Good luck! I loathe autplay myself, and have had about exactly as much luck as you have in finding something that will block them (the best was the one that didn't block autoplay on links such as the one in the post, but DID manage to make it impossible for me to view the youtube videos I actually wanted to watch. *sigh*). At any rate, I'll go ahead and put a warning on that link. We're happy to add a note whenever anyone points this out.
posted by taz (staff) at 4:20 AM on November 22, 2017


FWIW, the new Safari (v11) has a built-in anti-autoplay feature that did block that CNN player from starting — so there is hope.
posted by Celsius1414 at 6:06 AM on November 22, 2017 [2 favorites]


Safari will automatically block autoplay videos.
posted by mecran01 at 6:06 AM on November 22, 2017


Via Twitter: If you use Google Chrome, go to

chrome://flags/#autoplay-policy

and set it to "Document user activation is required."

Boom: no more auto-playing videos.
posted by OntologicalPuppy at 6:19 AM on November 22, 2017 [27 favorites]


On a related note, there's a preference in Firefox's about:config called media.autoplay.enabled, and toggling it to false seems to be working for me on the couple of pages I've tried so far.
posted by Mr. Bad Example at 6:56 AM on November 22, 2017 [18 favorites]


Just tested in Chrome on the test page linked in the OP after making the change suggested by OntologicalPuppy. No autoplay on that page!
posted by COD at 7:27 AM on November 22, 2017


chrome://flags/#autoplay-policy

This doesn't work for me. I cleared my cache both within Chrome and with CCleaner. Tried with and without incognito. With and without Ublock. I'm using Version 62.0.3202.94 which Chrome tells me is the most recent.

I would love to have this feature because this is my #1 complaint about websites (#2 is the interstitials that usually ask for your email address - if you know how to get rid of those I will buy you a beer sometime).
posted by AFABulous at 7:37 AM on November 22, 2017


Okay, I installed the extension Animation Policy, which is intended to stop gifs and says specifically it doesn't stop video, but it did sorta work on the CNN page for some reason. The banner ad* autoplays, without sound, but the main video (about Cassidy) doesn't. It also works on gifs as intended, which I verified by going to giphy.com.

*This ad is stopped by UBlock, I'd just disabled UBlock on that page to troubleshoot.
posted by AFABulous at 7:54 AM on November 22, 2017


I think the problem is that people are already using things to block these videos, so they're not even aware when they share an URL that in someone else's browser it WILL blast noise loudly right into their shared office space.
posted by easternblot at 8:14 AM on November 22, 2017 [2 favorites]


Mr. Bad Example's Firefox tip works for me, yay!
posted by carter at 8:38 AM on November 22, 2017 [2 favorites]


I'M HELPING!
posted by Mr. Bad Example at 9:26 AM on November 22, 2017 [12 favorites]

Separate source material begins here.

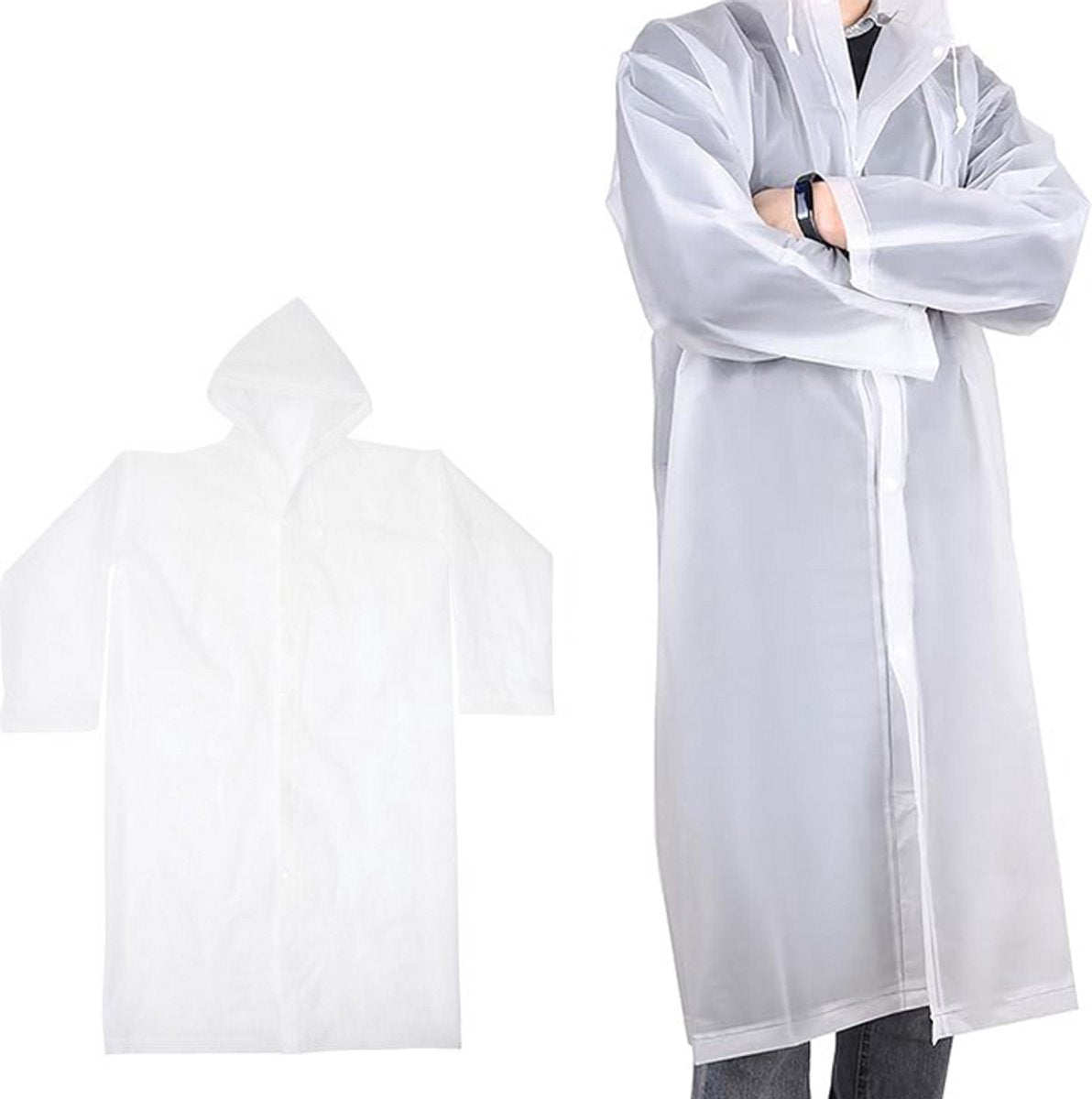 Rain Ponchos - Reusable Rain Poncho for Adults (Transparent EVA) - Raincoat - Rain Cape - Mackintosh for Camping - Suitable for Hiking, Festivals, Cycling, Motorcycle - Unisex - Lightweight - Waterproof - 1 piece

chrome://flags/#autoplay-policy

Warning: this messes up the Washington Post's crossword puzzles.
posted by JanetLand at 10:26 AM on November 22, 2017


I make an effort to include [autoplay warning] if there is autoplay content, or avoid links with it if at all possible.

So outside of technical solutions, there's also good posting/commenting etiquette that can help with this as far as it being a supreme annoyance goes.

But autoplay videos are also a serious web accessibility failure. People who build autoplay into their page design are incompetent web designers.
posted by mandolin conspiracy at 10:32 AM on November 22, 2017 [3 favorites]


I make an effort to include [autoplay warning] if there is autoplay content, or avoid links with it if at all possible.

So outside of technical solutions, there's also good posting/commenting etiquette that can help with this as far as it being a supreme annoyance goes.


Yeah, I hate being surprised by an autoplay video. It's still unpleasant clicking into one but if I know it's about to happen, I'm prepared and my mouse and cursor are ready to X the hell out of whatever video or box pops up.
posted by Fizz at 10:34 AM on November 22, 2017


I can't focus if there's anything moving when I'm trying to read a site. That includes gif avatars on Twitter, Mastodon and other sites. I wish they would disallow those. It's definitely something up with me; I can't read paper books in public places either where people or cars might be in my peripheral vision.
posted by AFABulous at 10:54 AM on November 22, 2017 [1 favorite]


Safari will automatically block autoplay videos.

How do you make it do that? Because mine doesn't. Seems like every tv news org's site has autoplay video even if they have the same story in text, and it drives me nuts when it waits 15-30 seconds to start up.
posted by ctmf at 1:26 PM on November 22, 2017


mandolin conspiracy: "People who build autoplay into their page design are incompetent web designers."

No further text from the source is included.